[DATA EXCERPT]:
● ● ● ● ●

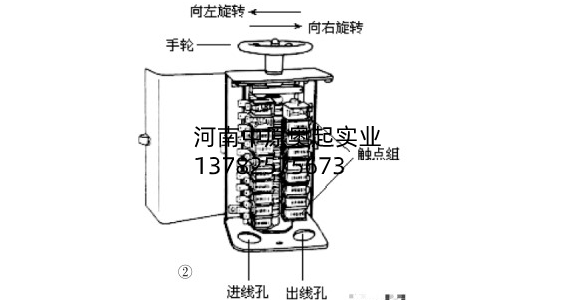 小型桥式樱桃视频色版机的电气作业原理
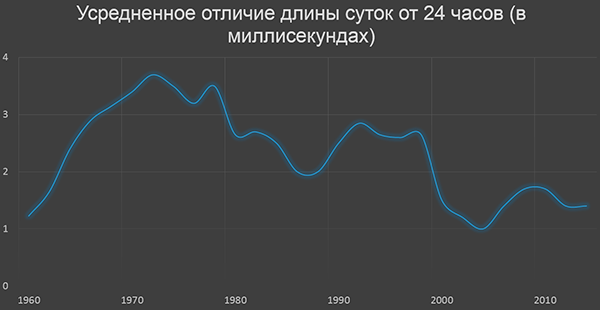 Среднее отличие длины дня от 24 часов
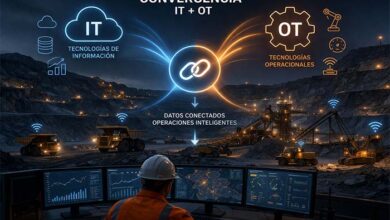 La integración entre sistemas digitales y operaciones redefine la minería peruana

● ● ● ● ●

[EXERCISE INSTRUCTIONS]:
No pictures go in the copy. Output exactly the lines from the line containing "Среднее отличие длины дня от 24 часов" through the end of the listing above.

[SOLUTION TO THIS PROBLEM]:
 Среднее отличие длины дня от 24 часов
 La integración entre sistemas digitales y operaciones redefine la minería peruana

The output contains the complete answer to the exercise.